Falsificação de alvará de soltura
Segundo os investigadores, Rudcrei teria falsificado um alvará de soltura para o detento Willian Ramos de Oliveira. As imagens revelam que o preso foi retirado da cela, levado a uma sala onde teria recebido um documento falso e, a pedido do policial suspeito, conduzido por um agente de segurança até as portarias. Os papéis passaram por duas checagens antes da liberação.
Manipulação de registros para encobrir fuga
Para encobrir a ausência do apenado, que só foi notada em 1º de junho, o policial teria forjado movimentações no Sistema de Gerenciamento das Informações Penitenciárias (Infopen). Os investigadores explicam que Rudcrei utilizaria logins de colegas, oferecendo-se para cobrir o trabalho no horário de almoço. Com o acesso de terceiros, ele teria suprimido o nome do preso do livro de registros e simulado trocas de galeria para enganar as contagens diárias. Um dia após a fuga, o policial suspeito pediu transferência em caráter de urgência de Charqueadas para Rio Grande, solicitação que estava sob análise. A Corregedoria-Geral da Polícia Penal já havia afastado o policial.

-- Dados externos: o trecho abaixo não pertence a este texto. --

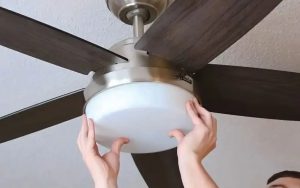 Linh kiện quạt trần bị xuống cấp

Detento foragido de alta periculosidade
O detento solto irregularmente é considerado de alta periculosidade. Ele cumpria pena por homicídio qualificado por motivo torpe, tem mais de 34 anos de condenação restante a cumprir e segue foragido. A ausência do preso, que dividia a cela com outros oito homens, só foi notada em 1º de junho, durante uma conferência extraordinária na cadeia.

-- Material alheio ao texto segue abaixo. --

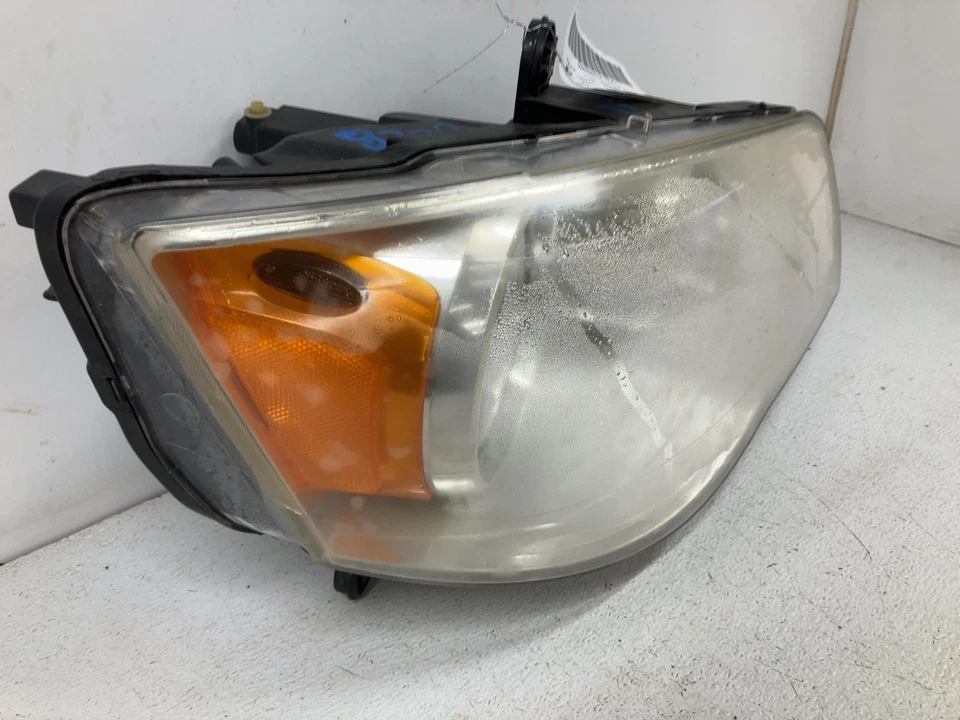 Headlamp Assembly 14 DODGE CARAVAN (halogen) Cvp Passenger Side - Image 3 of 4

Agente já coordenou rotina das cadeias no RS
O agente é servidor de carreira há mais de 15 anos. Ele já ocupou cargos de chefia, como diretor de Recursos Humanos e diretor-adjunto do Departamento de Segurança e Execução Penal (DSEP), setor da antiga Susepe, responsável pela rotina das cadeias. Atualmente, trabalhava na penitenciária de Charqueadas. Sua remuneração bruta é de cerca de R$ 16,8 mil mensais. O policial pode responder por peculato, associação criminosa e falsificação de documento público.
Foragido tem mais de 34 anos de pena a cumprir
Willian Ramos Silveira tem 29 anos. A 1ª Vara de Execuções Criminais de Porto Alegre, do Tribunal de Justiça (TJ-RS), expediu um mandado de prisão para recaptura. A juíza Priscila Gomes Palmeiro também solicitou esclarecimentos à Superintendência dos Serviços Penitenciários (Susepe). Ele foi indiciado por 10 homicídios e cumpre pena por homicídio qualificado por motivo torpe. O apenado ainda tem 34 anos e sete meses de pena restante a cumprir no sistema prisional.
O que diz a Polícia Penal
A Secretaria de Sistemas Penal e Socioeducativo (SSPS), por meio da Polícia Penal, confirma a fuga de um apenado da Penitenciária Modulada Estadual de Charqueadas. Diante disso, todos os fatos e circunstâncias relacionados ao caso estão sendo rigorosamente investigados pela Corregedoria-Geral da Polícia Penal e pela Polícia Civil. As instituições atuam de forma integrada para esclarecer os fatos, identificar eventuais responsabilidades e adotar as medidas administrativas e legais necessárias. Paralelamente às investigações, as forças de segurança permanecem mobilizadas nas ações de busca para a recaptura do foragido.